## WORK REQUEST
All of the listing, from first line to last, should be output exactly; the pictures stay out.

## GIVEN INFORMATION
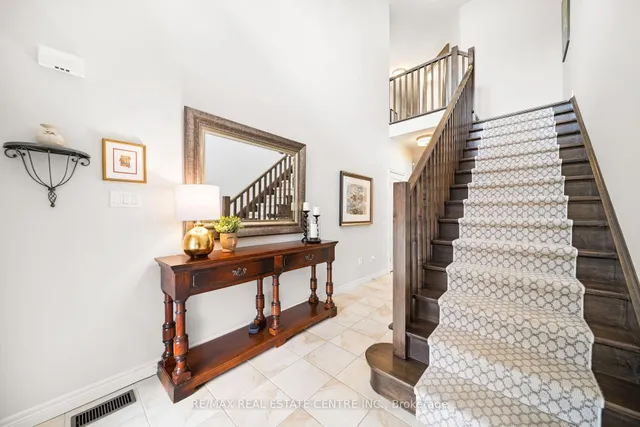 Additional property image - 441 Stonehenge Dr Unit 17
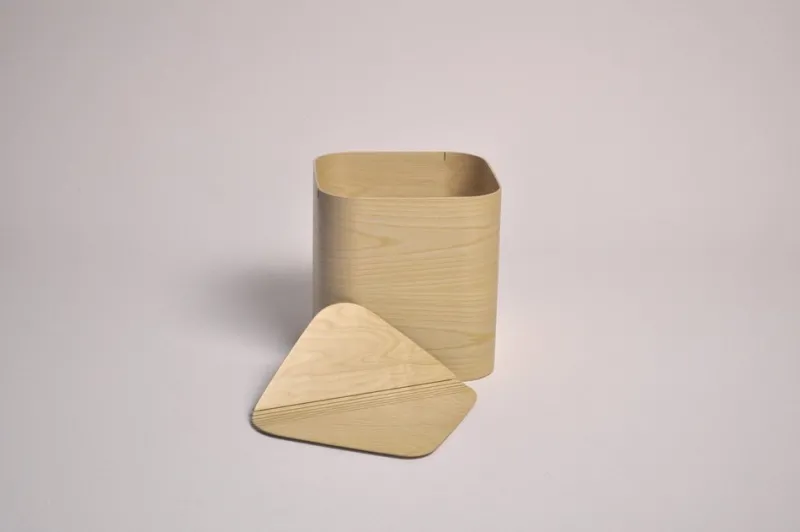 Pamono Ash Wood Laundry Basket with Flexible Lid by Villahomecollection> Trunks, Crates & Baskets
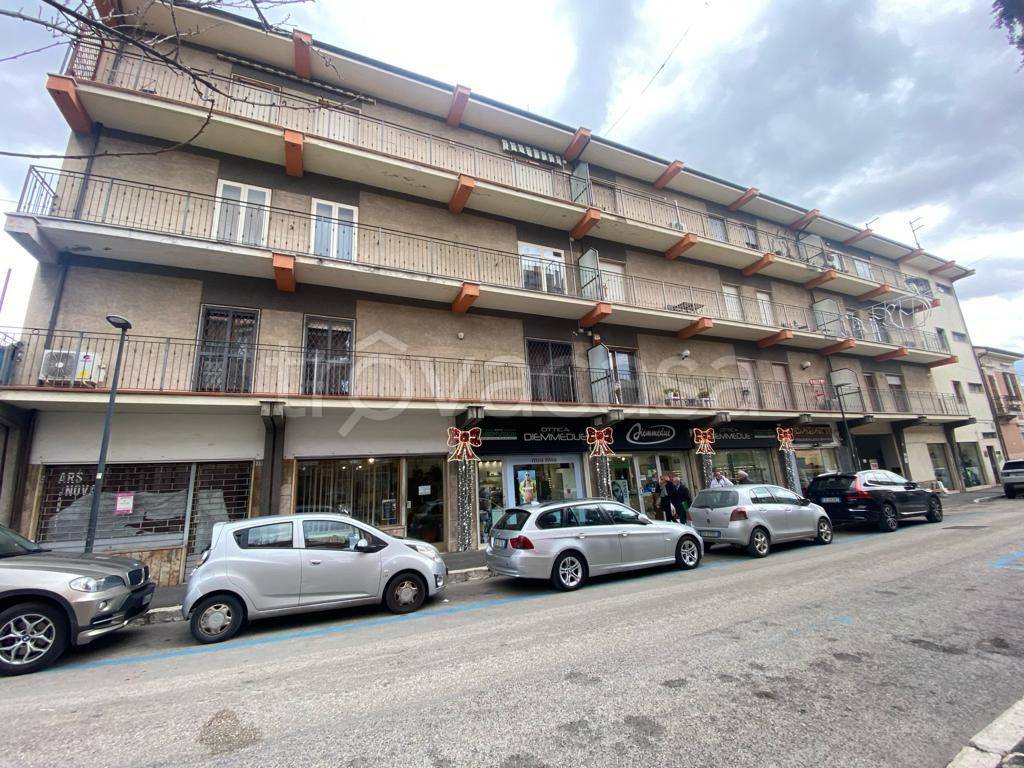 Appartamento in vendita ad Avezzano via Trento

## ANSWER BOX
 Additional property image - 441 Stonehenge Dr Unit 17
 Pamono Ash Wood Laundry Basket with Flexible Lid by Villahomecollection> Trunks, Crates & Baskets
 Appartamento in vendita ad Avezzano via Trento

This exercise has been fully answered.